Part antibody factory, part art studio, germinal centres are immunological laboratories where antibodies get made, tested and prepared for distribution. Inside a single germinal centre millions of antibodies are created, all with slight variations. These antibodies get tested against the infection until a perfect match is found. Once the match is made, germinal centres also produce long-lived memory B-cells that can respond to any future infection of the same kind. 

For germinal centres to function optimally, multiple immune cell types must come together, congregating in the right place at the right time to help make protective antibodies. This includes B-cells (that produce antibodies) and T follicular helper cells (a type of T- cell that helps the B-cell make antibodies).

With millions of cells working in sync, germinal centres are key to effective, long-lived protection from infectious disease. If something were to go wrong, or perhaps become less efficient, it results in a lower-quality protective immune response. This is what happens with ageing immune systems – with the germinal centres’ response declining with age.
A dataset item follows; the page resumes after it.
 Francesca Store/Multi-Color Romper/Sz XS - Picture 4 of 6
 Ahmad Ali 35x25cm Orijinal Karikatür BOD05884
This is one of the reasons why older people need more frequent vaccination, to compensate for their germinal centre’s declining performance.

“We saw plenty of evidence of this during the COVID-19 vaccine rollout (including the Vaccine Alliance Aotearoa New Zealand’s Ka Mātau Ka Ora study) where it became a priority for older people to receive boosters to enhance their levels of protective antibodies,” says Malaghan Institute’s Dr Theresa Pankhurst, who is currently seconded to the Babraham Institute as part of the Te Urungi Churchill College By-Fellowship.
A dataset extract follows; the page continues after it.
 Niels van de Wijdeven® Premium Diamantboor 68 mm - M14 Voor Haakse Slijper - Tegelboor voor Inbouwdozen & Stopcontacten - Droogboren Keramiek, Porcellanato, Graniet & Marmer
Using RNA tech to target immune cells in germinal centres

RNA technology, the ability to package cellular instructions – such as a vaccine or therapeutic agent – in microscopic bubbles and deliver them to cells like a courier service, is revolutionising biomedicine. It may also be the key to boosting ailing germinal centres by targeting the immune cells inside them.
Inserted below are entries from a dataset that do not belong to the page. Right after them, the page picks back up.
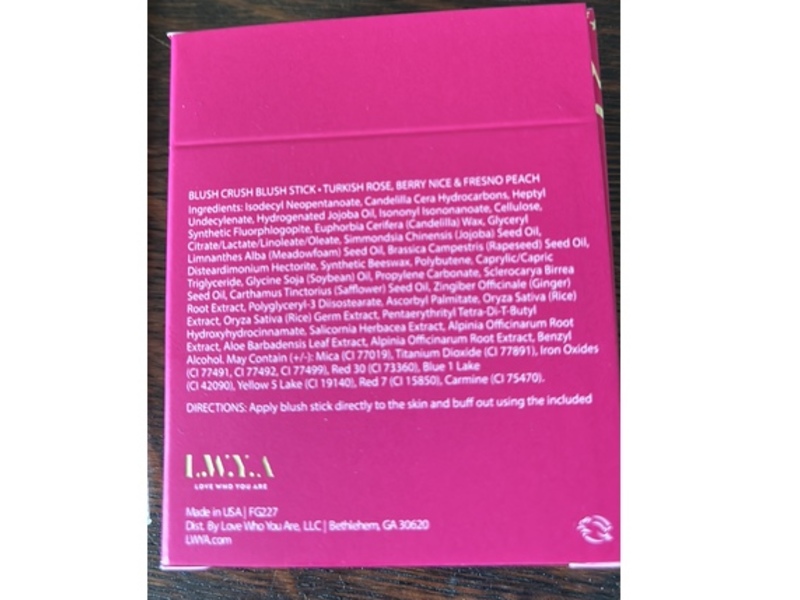 L.W.Y.A At First Blush Stick Trio, Turkish Rose, Berry Nice & Fresno Peach, 0.21 oz/6 g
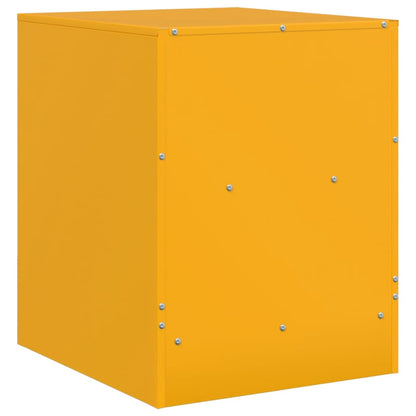 Bedside Cabinets 2 pcs Mustard Yellow 34.5x39x44 cm Steel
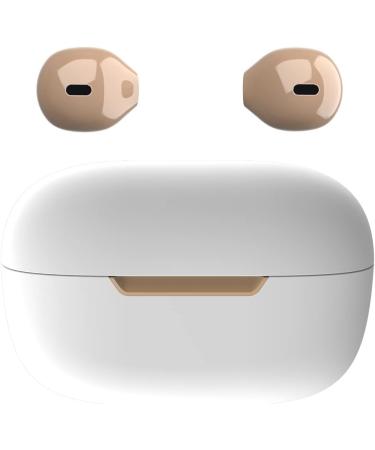 eleror Invisible Wireless Blue tooth Earbuds - Ivory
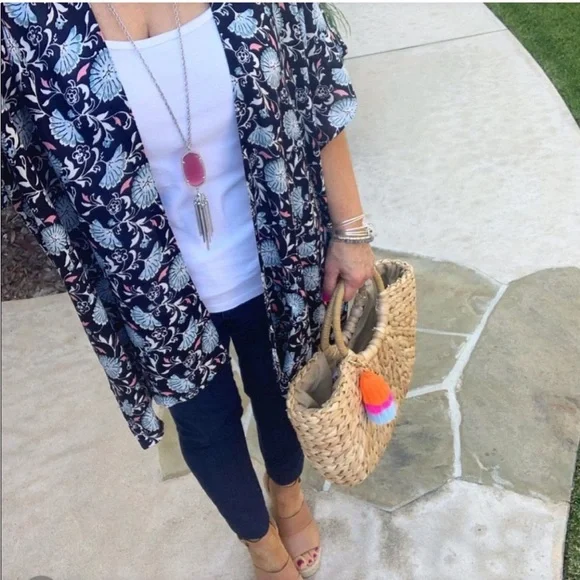 NWOT Loft Floral Daisy Kimono - Picture 5 of 8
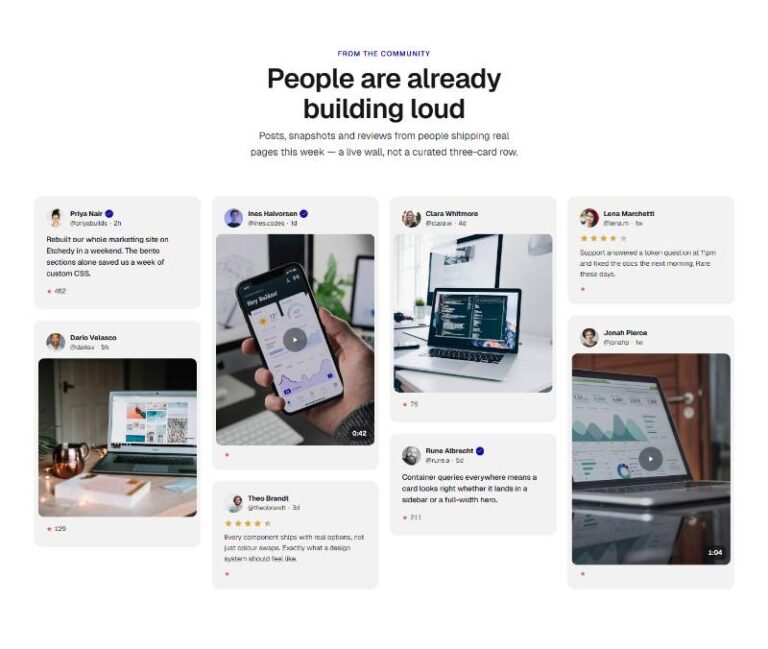 Social Wall Bento preview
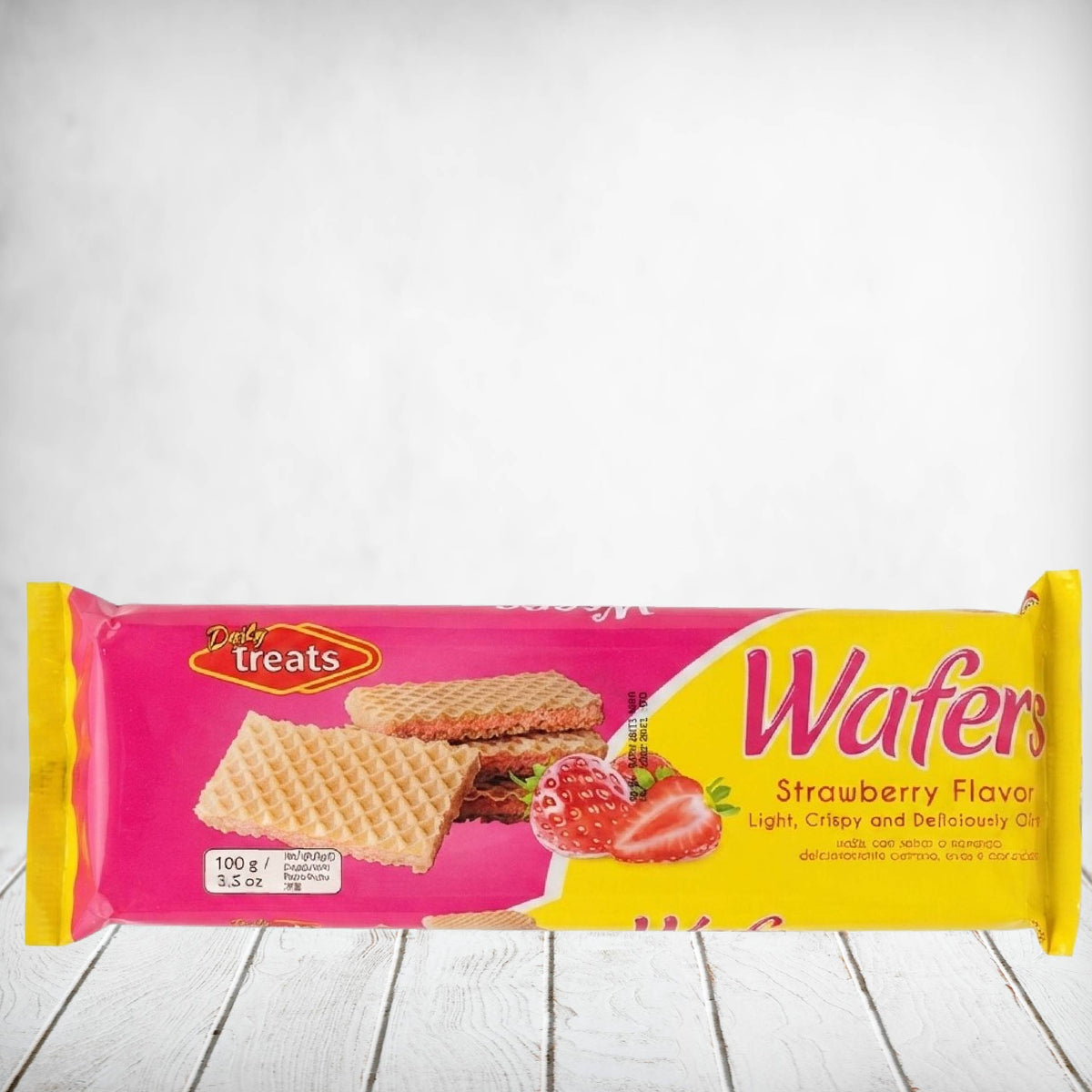 Tasty Treats Strawberry Wafers 100g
“The COVID-19 pandemic propelled mRNA vaccines into the spotlight and highlighted their potential across many applications,” says Dr Linterman. “Although there is plenty of evidence demonstrating how the immune system responds to mRNA vaccination, very little of this has taken age into account or how mRNA vaccines can be improved to be more effective for older people.”

By assisting waning immune cells through targeted RNA technology, it may be possible to artificially sustain germinal centre efficiency – offering the same protection of a younger, stronger immune system. 

“Through this partnership we aim to investigate the germinal centre response to mRNA vaccination and how this changes with age. Furthermore, we can encode our mRNA vaccines with specific ingredients we have hypothesised might improve the age-related decline of the germinal centre, and then test these in aged mice.” 

Malaghan Institute Director Professor Graham Le Gros says the collaboration is a fantastic opportunity to combine world-class expertise and leaders in the fields of immunology to tackle a key health issue which is ageing immune systems. “Through this partnership we will gain access to cutting-edge genetic and molecular immunology tools we don’t have access to in New Zealand. This really will be a step up in what we can do for improving vaccinations for some of our most vulnerable people.”